My journey with Motherhood

When I became a mother the earth beneath my feet shifted, calling into question much of what I thought I knew about myself.

At a time when I most needed support, I experienced a sense of being isolated from the rest of society as I struggled to navigate sleep deprivation and managing the large emotions of a sensitive child.

Surprisingly, an overwhelming sense of shame came over me. This was all new to me and childhood trauma was being triggered from a few different angles. I found myself wanting to shrink and hide amidst those I would have ordinarily considered my peers and colleagues.
It took me a while to realise that many of the struggles I have faced (so far) as a mother stem from systemic issues present in culture and the resulting lack of support for mothers. It truly ought to take a village to raise a child, as the saying goes.

Alongside the challenges I face as a mother, I am one of the lucky ones. I have spent much of my life building inner resources, training in somatic practice and finding the jewels through experiences of descent. The journey is not easy yet, I don’t know where I would be without these resources.

Motherhood has filled me with a love and respect for all mothers along with an understanding that I couldn’t have fully grasped before I became a mother myself.

Supporting / including mothers needs to be placed at the heart of healthy culture, alongside children. The impact of a well nourished mother seeps through into everything and, literally, feeds the next generation.

Culturally we are a long way off from this being a lived reality. However, the small steps towards this can begin here.

A great portion of my work is now dedicated to supporting mothers. I will be increasing my offerings over time as space opens up in my own life.

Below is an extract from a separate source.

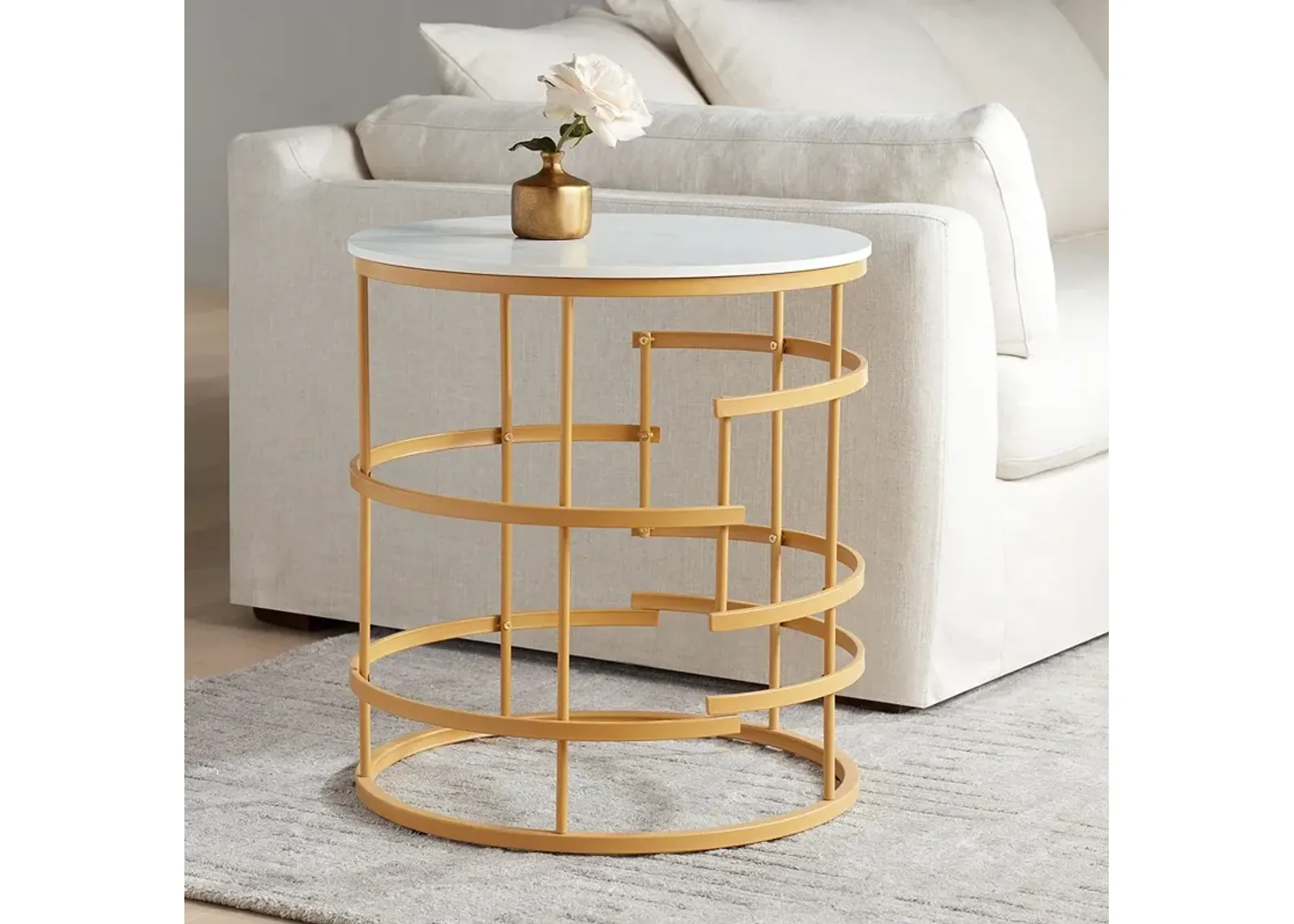 Brassica 23 3/4" Wide Faux Marble and Gold Modern Tea Table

For now, I am offering one-to-one collaborative somatic therapy sessions for mothers. I am open to exploring sessions with mothers who have babes in arms (pre-crawlers) present in the space, as well as those with older children who can be left with a carer.

Accessibility:
My one-to-one therapeutic practice is currently based from MoveForward studio in central Totnes. The studio is opposite St. Mary’s church and there is a flight of stairs upon entering the building. Due to my current capacity and availability of studio spaces in Totnes, this is where I base my practice for now.
I would like to acknowledge that this venue may not be accessible for everyone and my intention is, as space opens up more in my own life with regards to mothering, to seek out alternate, more accessible venues to include in my practice. Please bear with me and thank you for your patience.